◆ About this exercise
The reply should repeat all of the data word for word, with no pictures.

◆ Source data
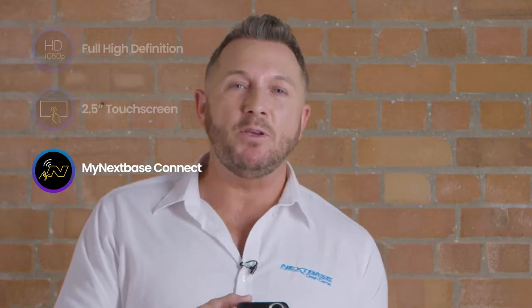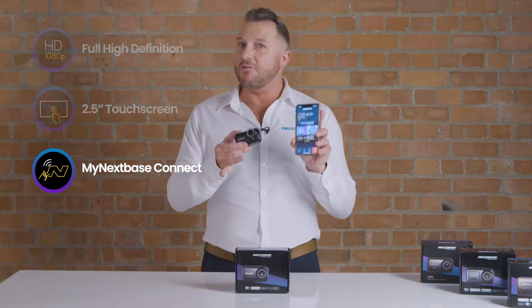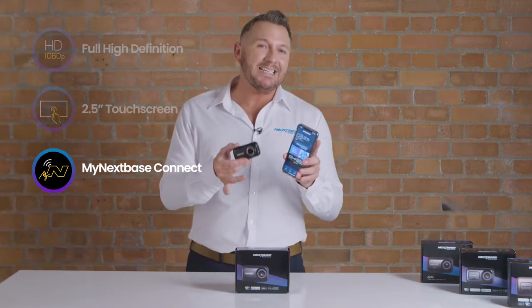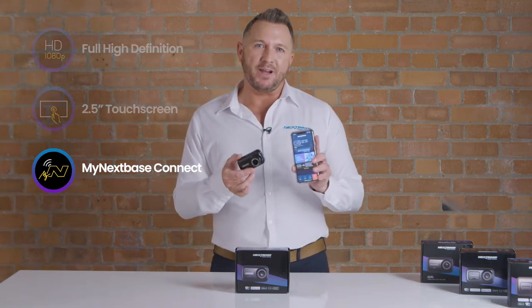The My Nexspace Connect app uses WiFi to link your phone directly to your dash cam, so you can view your footage on the go and send it to the insurance company, the police, or your friends.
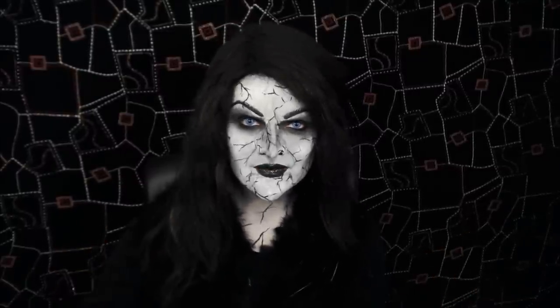So, if you'd like to see how to recreate this look, stay tuned. For this tutorial, I'm going to be using two prosthetics — a nose and a chin — because she's got quite an elongated nose and chin in the film.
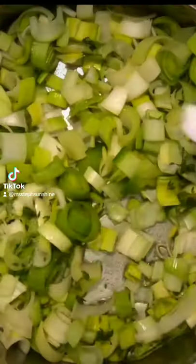Cook sliced leeks over medium heat along with some olive oil, fresh thyme, and salt and pepper.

◆ Answer area
The My Nexspace Connect app uses WiFi to link your phone directly to your dash cam, so you can view your footage on the go and send it to the insurance company, the police, or your friends.
So, if you'd like to see how to recreate this look, stay tuned. For this tutorial, I'm going to be using two prosthetics — a nose and a chin — because she's got quite an elongated nose and chin in the film.
Cook sliced leeks over medium heat along with some olive oil, fresh thyme, and salt and pepper.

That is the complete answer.